# can 2 female and 1 male rabbit live together?



## rabbitlover7777

I currently have 2 female rabbits both 3 month old and they live in peace

what would happen if i get another male rabbit to live with them?

will the male rabbit mate with both females or will it only choose one?

please tell me if this is a good idea or not


----------



## Guest

So long as you get everyone neutered and all their hormones have died down it can work really well. I have an indoor trio of two does and one buck and they get on really well together, you will have to introduce them on netural territory (somewhere that none of them have been before like the bathroom.) and keep an eye on them to start with just incase anything kicks off :thumbup:


----------



## Kammie

Get both your females spayed before thinking of putting a male in with them.

If your thinking of breeding forget it unless you know four generations of their history to lessen chances of hereditory problems like bad teeth. 

The male will most definately mate with both females within seconds of being in there and you'll have two pregnant females and lots of hard work ahead of you. 

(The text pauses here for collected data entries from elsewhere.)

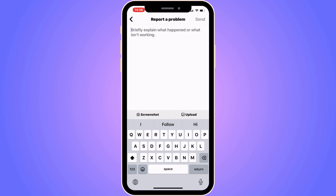I used to have this same problem before as well, but I got into this page, wrote to them, and after that the problem was actually fixed for my account.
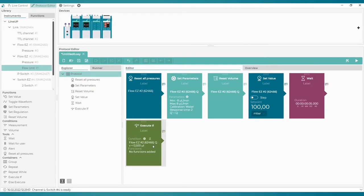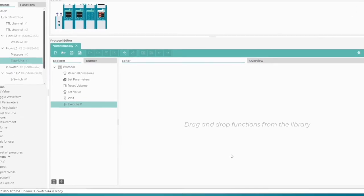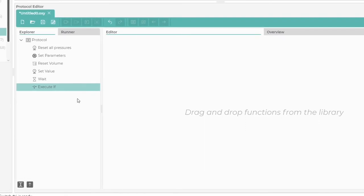To do this, we click twice on the Execute If block and go to a separate block layer dedicated to this specific Execute If. Here you can add any number of blocks, just like in the main protocol. In the Explorer tab, we can see that the Execute If block is activated.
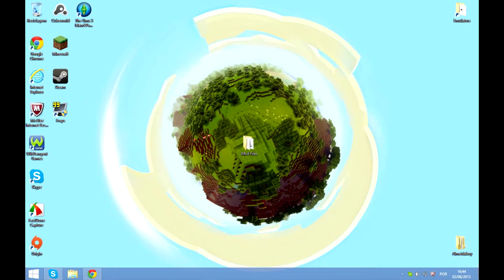Hey guys, what is up? It is Zenex4T3 here and today I'm with Almeetaboooy! Hey guys, today we will be installing and reviewing the Presence Footsteps mod for Minecraft 1.6.2.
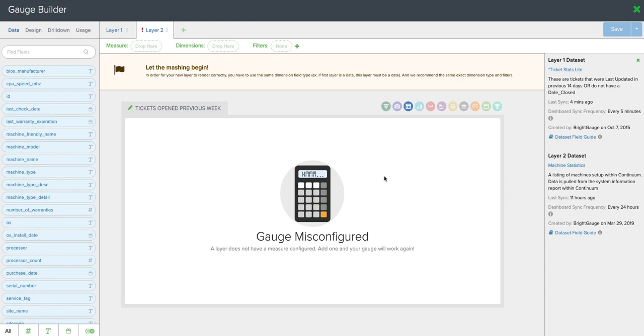You can see it appears that we've broken the gauge. This is simply appearing because we don't have any information being pulled in from the data set yet. So what I'll do is I'll come over here.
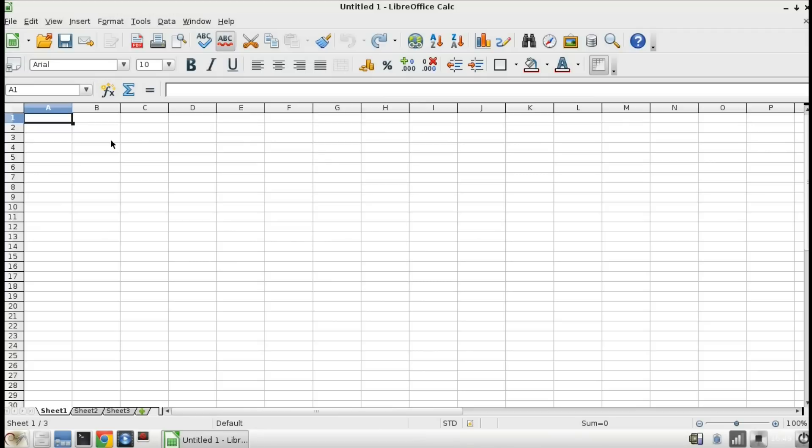A common question that comes up from time to time concerning spreadsheets is how do I get rid of the grid lines? Today I'm going to show you a method of doing this that's really simple and a lot of times it's overlooked.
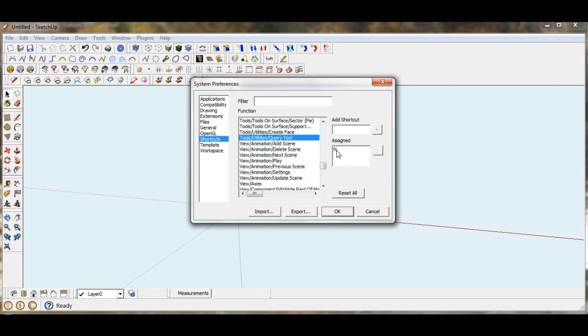You can see it's already been assigned. If we just highlight that and then hit the negative sign, it takes it off.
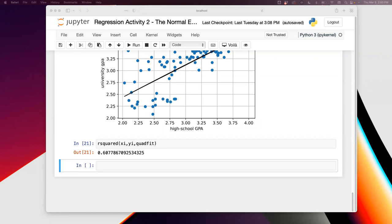Unfortunately we're not going to have a quiz today, although I was hoping to have one, but I didn't get a chance to put it together because of a tire situation with my car. So we're going to try to finish up with regression today.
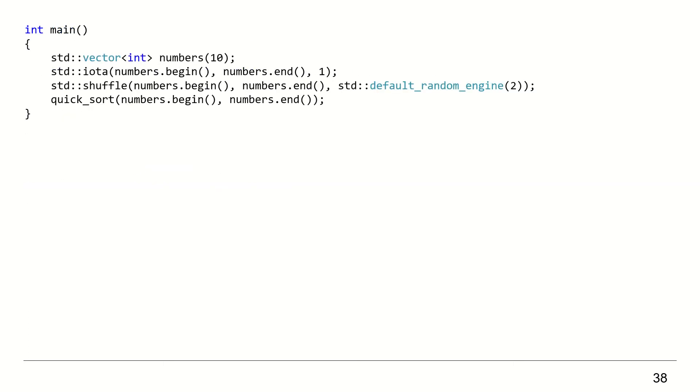Finally, to test the algorithm, we can use the following code which will execute the same steps we have seen in this video. IOTA will fill the vector from 1 to 10, shuffle the collection using the std::shuffle algorithm, and finally call our Quicksort algorithm.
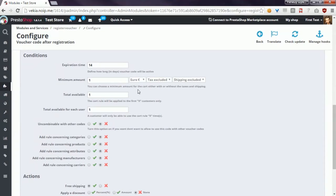The first option available in this section is expiration time. In this case we have to define how long in days the voucher code will be active. Some other modules contain an option to define the voucher start date and voucher expiration date. In this case we generate the voucher expiration time in days, and the module will automatically calculate the expiration date based on the voucher generation date and the value defined here.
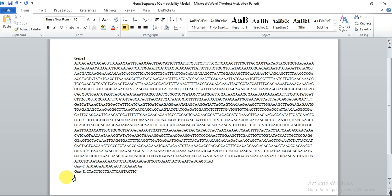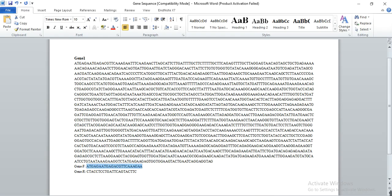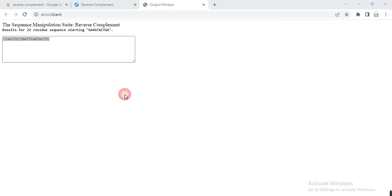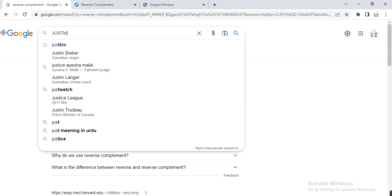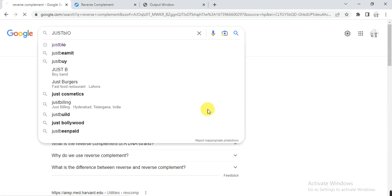Now we have to calculate or analyze these primers - what are the melting point, what are the length, what are the GC content, and are they okay or we have to edit or beautify them. So copy this, then go to Google and write here JustBio.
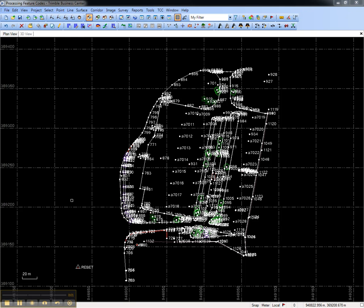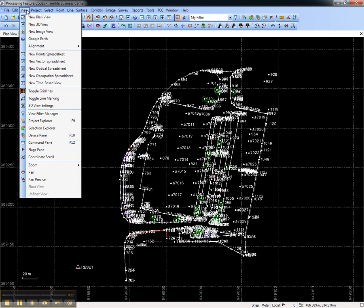This video shows how to view a Trimble Business Center project in Google Earth. In Trimble Business Center, select Google Earth from the toolbar or from the View menu under Google Earth.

You can have two females and a male live happily together with no problems if all are neutered (including the male) and they are bonded properly on neutral territory.


----------



## emzybabe

your 2 females are also likely to start fighting at the 4-6 month mark depending on when they mature, spaying cost between £40 - £100 depending on where u go. Also a pair of females can quickly change in to a brother and sister combo if u got them from a pet shop.


----------



## BattleKat

I'm also wondering about this. I have 2 roughly 8 month old spayed does which are small breed and am planning to add a french lop buck to the pair. 
would it be ok to introduce them while he's young and get him neutered when he's old enough or should I keep him separate until he's neutered?
What are the chances it will break the existing bond?


----------



## happysaz133

I don't see why not  so long as they are all spayed and neutered so you don't end up with babies and fighting!


----------



## Guest

BattleKat said:


> I'm also wondering about this. I have 2 roughly 8 month old spayed does which are small breed and am planning to add a french lop buck to the pair.
> would it be ok to introduce them while he's young and get him neutered when he's old enough or should I keep him separate until he's neutered?
> What are the chances it will break the existing bond?


Personally I would wait until the buck is neutered before bonding them, if he starts to hit puberty before you got him neutered he might bother the girls with his constant humping which could turn into a fight :scared:


----------